While this is not the case (we are not after all seeing the story’s final sequence), “Padam Padam” is a richly layered story, with multiple timelines. It demands your attention at all times, though this is never a chore. Watching the various threads of the story unravel and become knit together once again is particularly gratifying. It is a story of redemption and retribution, of courage and despair, of love and doubt, and of miracles.
Continue to read more of this review (plot-related spoiler content level: medium-low)
The Unjust Sentence
Kang-chil is a man who has from the age of 19, spent fourteen years in prison for a crime he did not commit. Released from prison after serving his time, he makes his way back to Tongyeong and to his home. Along the long route homeward, he meets a stranded motorist, an attractive young veterinarian, Jung Ji-na, played by Han Ji-min, in what must certainly be considered a contender for classification as the finest role in her career. She is justifiably wary of this large, blunt-spoken man, and keeps her distance, only to be challenged later to reconsider her prejudicial first impressions by his candor and lack of aggression.

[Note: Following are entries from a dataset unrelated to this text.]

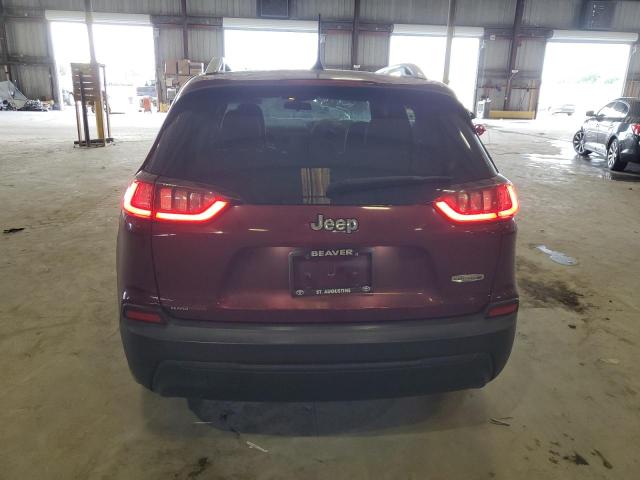 2019 JEEP CHEROKEE LATITUDE PLUS 1C4PJLLB4KD428160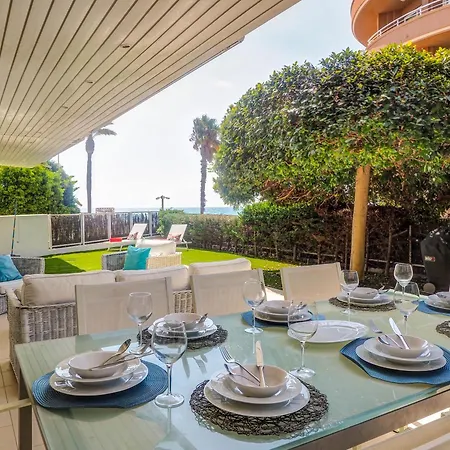 Apartment Luxury Seaview By Hello Homes *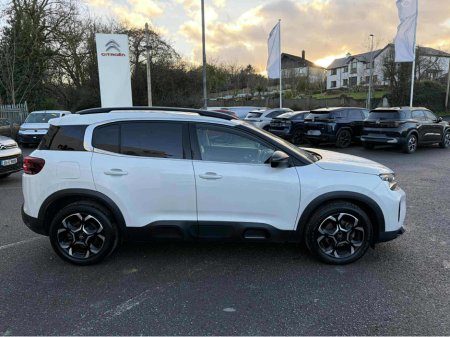 2023 Citroen C5 Aircross FEEL PACK BLUEHDI 130 EAT8 MY5 €26,950 thumbnail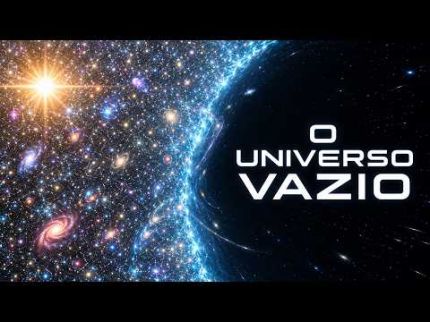 O Universo Está Vazio por um Motivo — e Ele é Terrível | Documentário Espacial 2026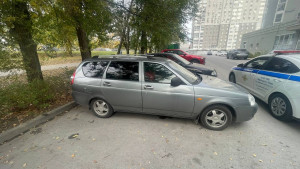 В Липецке автохам за одну поездку неоднократно нарушил ПДД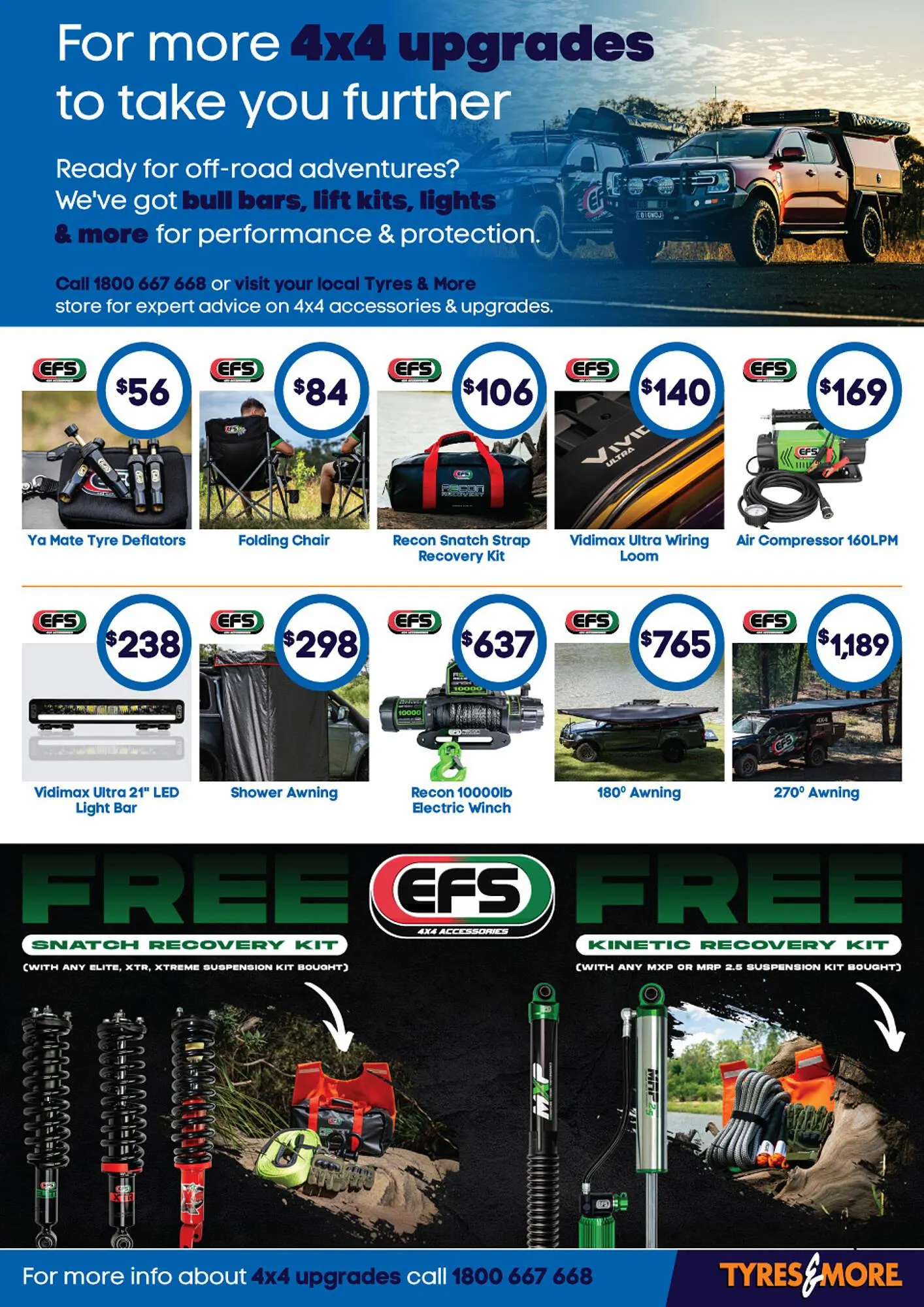 Tyres & More catalogue - Catalogue valid from 1 January to 28 February 2026 - page 7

In Tongyeong, Kang-chil returns to find his mother, played by the incomparable veteran actress Na Moon-hee, working dockside as a fishmonger. She is a living illustration of the pejorative “fishwife” in her shrewish nature, harsh words, and actions. She seems incapable of the tender gesture; life has been cruel to her. Not knowing much of what compassion is like, she has little ability to bestow it on others, even her own son.
Kang-chil has deep emotional wounds, owing to key events leading up to the crime for which he’d been framed, and its aftermath, and holds her partially to blame for his suffering. Yet, she is his mother and he must come home to her. The reconciliation between mother and son is one of the tenderest, painfully honest, and most gratifying of the plots in this drama. Na is equally unafraid to play a character that is hard and scolding. Hers is a voice that could strip paint from wood, yet those harsh words turn out to be her ways of demonstrating her love.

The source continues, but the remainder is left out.